Stage I Lung Adenocarcinoma. Serum samples from stage I lung adenocarcinoma patients and age-, gender-, and smoking-status-matched controls were collected under NYU IRB approval at the NYU Langone Medical Center by Dr. Harvey Pass. Arterial blood samples were collected from fasting patients undergoing surgery in the time frame from September 2006 to August 2013 to remove one or more lung nodules that were detected during a CT scan. Determination of whether nodules were benign or malignant was made following a pathological exam of the excised nodules. Serum was collected in standard glass serum tubes and allowed to sit upright for 30-60 min to allow clotting. Subsequently, tubes were centrifuged at 1200 g for 20 min at room temperature, then aliquoted and placed at −80° C. within 2-3 h of collection. No freeze-thaw cycles occurred prior to shipment to Arizona State University (Borges lab) for analysis.
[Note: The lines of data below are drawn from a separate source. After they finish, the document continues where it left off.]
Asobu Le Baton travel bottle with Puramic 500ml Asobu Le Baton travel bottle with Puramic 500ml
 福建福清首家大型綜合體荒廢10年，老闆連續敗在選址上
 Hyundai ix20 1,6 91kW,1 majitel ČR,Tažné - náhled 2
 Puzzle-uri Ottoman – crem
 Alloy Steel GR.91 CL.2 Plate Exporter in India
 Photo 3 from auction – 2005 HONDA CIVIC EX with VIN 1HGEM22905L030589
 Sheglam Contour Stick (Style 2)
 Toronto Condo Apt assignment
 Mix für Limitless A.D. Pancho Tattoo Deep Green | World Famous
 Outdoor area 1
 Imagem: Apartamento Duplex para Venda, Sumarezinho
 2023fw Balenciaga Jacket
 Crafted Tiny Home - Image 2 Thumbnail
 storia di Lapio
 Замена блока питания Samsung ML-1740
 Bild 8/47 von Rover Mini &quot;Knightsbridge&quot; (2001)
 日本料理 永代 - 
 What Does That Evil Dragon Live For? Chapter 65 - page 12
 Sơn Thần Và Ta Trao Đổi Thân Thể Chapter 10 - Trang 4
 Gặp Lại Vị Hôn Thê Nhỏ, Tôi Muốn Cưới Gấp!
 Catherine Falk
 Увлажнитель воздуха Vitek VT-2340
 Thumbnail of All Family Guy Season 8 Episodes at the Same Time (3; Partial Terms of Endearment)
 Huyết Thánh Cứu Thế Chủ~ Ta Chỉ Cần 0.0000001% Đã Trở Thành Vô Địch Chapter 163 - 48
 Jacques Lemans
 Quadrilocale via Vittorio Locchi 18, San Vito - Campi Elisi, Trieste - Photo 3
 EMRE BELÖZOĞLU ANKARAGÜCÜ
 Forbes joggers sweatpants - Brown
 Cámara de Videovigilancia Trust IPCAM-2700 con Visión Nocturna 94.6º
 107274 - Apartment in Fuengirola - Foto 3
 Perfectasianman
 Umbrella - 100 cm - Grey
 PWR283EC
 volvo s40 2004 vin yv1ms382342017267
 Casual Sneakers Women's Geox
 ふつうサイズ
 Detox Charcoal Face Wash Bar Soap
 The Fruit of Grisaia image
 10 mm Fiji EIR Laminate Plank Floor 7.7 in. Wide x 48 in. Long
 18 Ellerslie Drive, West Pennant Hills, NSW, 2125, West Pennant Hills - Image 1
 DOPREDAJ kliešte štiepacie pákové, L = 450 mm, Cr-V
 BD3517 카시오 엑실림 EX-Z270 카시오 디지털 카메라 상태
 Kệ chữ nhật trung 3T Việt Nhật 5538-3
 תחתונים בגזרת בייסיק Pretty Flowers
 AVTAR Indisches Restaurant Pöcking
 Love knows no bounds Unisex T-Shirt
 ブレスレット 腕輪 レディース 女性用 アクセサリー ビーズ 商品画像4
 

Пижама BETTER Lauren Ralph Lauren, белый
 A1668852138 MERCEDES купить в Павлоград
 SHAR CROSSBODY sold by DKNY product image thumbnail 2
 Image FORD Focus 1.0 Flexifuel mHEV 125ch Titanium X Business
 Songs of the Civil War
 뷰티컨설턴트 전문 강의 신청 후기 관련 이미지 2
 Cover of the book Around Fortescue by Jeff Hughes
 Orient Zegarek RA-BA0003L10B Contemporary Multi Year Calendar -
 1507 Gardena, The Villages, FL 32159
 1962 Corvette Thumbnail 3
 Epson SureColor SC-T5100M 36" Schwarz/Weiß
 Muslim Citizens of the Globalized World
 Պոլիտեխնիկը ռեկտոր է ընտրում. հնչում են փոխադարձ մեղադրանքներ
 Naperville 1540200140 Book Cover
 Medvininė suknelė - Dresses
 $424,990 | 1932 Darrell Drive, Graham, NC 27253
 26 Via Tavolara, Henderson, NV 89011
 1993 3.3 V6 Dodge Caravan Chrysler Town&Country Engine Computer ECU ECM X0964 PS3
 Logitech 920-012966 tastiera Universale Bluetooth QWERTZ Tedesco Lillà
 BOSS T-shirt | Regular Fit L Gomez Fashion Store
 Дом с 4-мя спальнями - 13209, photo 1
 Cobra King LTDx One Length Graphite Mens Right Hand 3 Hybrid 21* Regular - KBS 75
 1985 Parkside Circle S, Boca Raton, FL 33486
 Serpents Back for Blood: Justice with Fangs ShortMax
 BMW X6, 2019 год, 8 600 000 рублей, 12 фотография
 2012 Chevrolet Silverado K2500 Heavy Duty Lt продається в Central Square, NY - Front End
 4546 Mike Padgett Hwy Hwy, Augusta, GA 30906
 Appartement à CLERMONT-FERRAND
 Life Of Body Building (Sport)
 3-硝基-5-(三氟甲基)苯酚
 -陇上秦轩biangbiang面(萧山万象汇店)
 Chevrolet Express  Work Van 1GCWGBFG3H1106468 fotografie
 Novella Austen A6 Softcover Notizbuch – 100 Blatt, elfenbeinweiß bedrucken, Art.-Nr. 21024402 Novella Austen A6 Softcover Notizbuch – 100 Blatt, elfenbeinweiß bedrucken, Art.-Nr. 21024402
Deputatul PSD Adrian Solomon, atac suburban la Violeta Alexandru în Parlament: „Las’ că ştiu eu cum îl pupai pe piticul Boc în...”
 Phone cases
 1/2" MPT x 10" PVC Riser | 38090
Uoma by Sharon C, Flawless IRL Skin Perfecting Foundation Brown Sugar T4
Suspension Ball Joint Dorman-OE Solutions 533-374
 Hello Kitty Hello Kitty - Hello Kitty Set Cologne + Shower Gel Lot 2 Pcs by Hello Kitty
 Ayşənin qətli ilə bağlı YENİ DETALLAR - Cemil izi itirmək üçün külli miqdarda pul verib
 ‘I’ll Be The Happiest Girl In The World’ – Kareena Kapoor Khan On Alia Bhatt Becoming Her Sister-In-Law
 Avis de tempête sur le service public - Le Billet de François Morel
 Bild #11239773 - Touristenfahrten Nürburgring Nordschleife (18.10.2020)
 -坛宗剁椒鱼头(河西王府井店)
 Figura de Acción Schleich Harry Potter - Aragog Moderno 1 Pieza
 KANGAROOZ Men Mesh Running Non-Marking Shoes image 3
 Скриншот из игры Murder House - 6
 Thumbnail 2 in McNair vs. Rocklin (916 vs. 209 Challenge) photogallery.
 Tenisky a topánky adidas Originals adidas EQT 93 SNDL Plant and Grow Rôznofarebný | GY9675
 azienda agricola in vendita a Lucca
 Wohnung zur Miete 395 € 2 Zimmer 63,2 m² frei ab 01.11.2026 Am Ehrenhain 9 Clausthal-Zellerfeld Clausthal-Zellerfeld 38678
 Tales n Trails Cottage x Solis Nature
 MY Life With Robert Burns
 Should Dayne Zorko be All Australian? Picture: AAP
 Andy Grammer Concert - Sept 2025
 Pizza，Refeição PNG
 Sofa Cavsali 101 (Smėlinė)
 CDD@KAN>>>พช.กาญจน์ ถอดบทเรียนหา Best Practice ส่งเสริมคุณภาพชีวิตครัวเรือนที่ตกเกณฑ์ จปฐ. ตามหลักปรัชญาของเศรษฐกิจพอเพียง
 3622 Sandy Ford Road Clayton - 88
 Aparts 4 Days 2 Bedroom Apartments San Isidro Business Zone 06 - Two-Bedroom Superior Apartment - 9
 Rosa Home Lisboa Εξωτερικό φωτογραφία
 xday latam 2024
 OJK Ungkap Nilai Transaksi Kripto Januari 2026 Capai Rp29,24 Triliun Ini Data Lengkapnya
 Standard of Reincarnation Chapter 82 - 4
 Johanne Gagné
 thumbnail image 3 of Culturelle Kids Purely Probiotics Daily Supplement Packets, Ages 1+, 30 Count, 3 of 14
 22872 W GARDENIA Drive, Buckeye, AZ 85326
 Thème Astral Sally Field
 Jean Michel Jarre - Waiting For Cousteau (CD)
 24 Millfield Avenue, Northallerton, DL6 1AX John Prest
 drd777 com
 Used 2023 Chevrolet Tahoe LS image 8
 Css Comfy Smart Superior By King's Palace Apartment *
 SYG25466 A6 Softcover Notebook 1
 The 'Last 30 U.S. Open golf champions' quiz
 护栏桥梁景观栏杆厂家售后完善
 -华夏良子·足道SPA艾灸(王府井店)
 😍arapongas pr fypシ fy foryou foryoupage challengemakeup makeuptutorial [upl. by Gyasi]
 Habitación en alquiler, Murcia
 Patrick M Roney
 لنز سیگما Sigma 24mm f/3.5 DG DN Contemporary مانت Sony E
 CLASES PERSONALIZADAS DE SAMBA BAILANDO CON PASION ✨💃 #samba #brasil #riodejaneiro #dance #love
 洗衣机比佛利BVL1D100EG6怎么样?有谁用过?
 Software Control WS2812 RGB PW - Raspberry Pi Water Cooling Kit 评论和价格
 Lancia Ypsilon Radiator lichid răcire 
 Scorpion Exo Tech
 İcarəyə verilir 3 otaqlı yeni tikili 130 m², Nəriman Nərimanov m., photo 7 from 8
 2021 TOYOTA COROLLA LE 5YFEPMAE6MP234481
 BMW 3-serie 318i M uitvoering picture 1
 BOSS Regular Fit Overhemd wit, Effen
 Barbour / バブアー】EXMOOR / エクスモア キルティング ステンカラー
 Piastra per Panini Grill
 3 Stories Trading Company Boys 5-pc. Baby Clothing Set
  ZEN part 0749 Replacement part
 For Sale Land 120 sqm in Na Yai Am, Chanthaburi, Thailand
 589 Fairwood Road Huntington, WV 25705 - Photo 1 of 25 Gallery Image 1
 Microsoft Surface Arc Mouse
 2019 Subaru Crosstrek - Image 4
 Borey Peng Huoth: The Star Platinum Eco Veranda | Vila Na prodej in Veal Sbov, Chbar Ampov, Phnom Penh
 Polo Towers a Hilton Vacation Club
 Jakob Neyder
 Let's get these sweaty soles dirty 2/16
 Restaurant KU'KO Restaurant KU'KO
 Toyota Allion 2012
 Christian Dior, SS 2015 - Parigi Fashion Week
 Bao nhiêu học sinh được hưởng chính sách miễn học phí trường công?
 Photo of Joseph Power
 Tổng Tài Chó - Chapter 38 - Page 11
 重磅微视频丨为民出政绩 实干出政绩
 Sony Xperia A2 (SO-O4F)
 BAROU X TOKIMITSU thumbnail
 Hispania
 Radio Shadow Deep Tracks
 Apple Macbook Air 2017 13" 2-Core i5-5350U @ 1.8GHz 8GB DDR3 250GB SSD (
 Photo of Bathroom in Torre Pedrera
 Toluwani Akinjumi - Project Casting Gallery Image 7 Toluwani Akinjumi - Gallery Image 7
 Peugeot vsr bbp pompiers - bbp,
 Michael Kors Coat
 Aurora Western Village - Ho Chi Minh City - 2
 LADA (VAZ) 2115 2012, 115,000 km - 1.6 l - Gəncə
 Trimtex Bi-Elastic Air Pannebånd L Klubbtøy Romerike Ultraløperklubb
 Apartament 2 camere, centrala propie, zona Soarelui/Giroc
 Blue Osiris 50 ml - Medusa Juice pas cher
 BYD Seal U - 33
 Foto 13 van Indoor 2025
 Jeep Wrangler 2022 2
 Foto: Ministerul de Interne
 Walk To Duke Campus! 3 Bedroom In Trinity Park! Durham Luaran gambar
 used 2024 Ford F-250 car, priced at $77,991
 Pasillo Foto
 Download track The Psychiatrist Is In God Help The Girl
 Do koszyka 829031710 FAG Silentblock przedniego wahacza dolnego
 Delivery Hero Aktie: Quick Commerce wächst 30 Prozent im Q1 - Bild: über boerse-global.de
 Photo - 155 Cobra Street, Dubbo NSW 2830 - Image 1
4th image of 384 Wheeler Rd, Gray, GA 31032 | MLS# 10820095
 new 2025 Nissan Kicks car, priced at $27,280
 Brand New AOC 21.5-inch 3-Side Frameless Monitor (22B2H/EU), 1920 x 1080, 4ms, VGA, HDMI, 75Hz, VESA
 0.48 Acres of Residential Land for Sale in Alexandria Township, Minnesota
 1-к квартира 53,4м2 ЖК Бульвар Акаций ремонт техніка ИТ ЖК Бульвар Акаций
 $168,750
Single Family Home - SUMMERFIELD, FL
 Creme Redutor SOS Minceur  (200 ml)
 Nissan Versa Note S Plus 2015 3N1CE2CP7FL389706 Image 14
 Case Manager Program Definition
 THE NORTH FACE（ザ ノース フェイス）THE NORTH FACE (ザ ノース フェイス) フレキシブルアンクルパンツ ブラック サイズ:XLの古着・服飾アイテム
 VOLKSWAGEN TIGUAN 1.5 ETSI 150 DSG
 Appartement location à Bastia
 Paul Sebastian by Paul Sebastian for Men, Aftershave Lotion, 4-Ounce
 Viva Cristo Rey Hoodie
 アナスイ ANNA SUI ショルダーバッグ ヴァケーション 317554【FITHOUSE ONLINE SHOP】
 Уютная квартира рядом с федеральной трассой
Stage II Prostate Cancer. Serum samples from stage II prostate cancer patients were obtained from the Cooperative Human Tissue Network (CHTN), an NIH-sponsored biospecimen collection agency. The quality management system of the CHTN is described elsewhere.22 Age-matched control samples from nominally healthy male donors were obtained from ProMedDx (Norton, Mass.).
Stage III Serous Ovarian Cancer. Serum specimens from stage III serous ovarian cancer patients were collected at Brigham and Women's Hospital under IRB approval by Dr. Daniel Cramer. Sera were obtained at the time of presentation prior to surgery. Age, gender, and location matched control sera from women without a history of cancer (other than nonmelanoma skin cancer) were obtained from the general population under a standardized serum collection protocol. All serum samples were collected from 2001 to 2010 and were stored at −80° C. prior to analysis. These specimens have previously been described.23,24
Stage IV Lung Cancer. A set of serum samples from stage IV lung cancer patients and age- and gender-matched nominally healthy control donors that was completely separate from those provided by Dr. Xifeng Wu at the University of Texas MD Anderson Cancer Center was obtained from ProMedDx.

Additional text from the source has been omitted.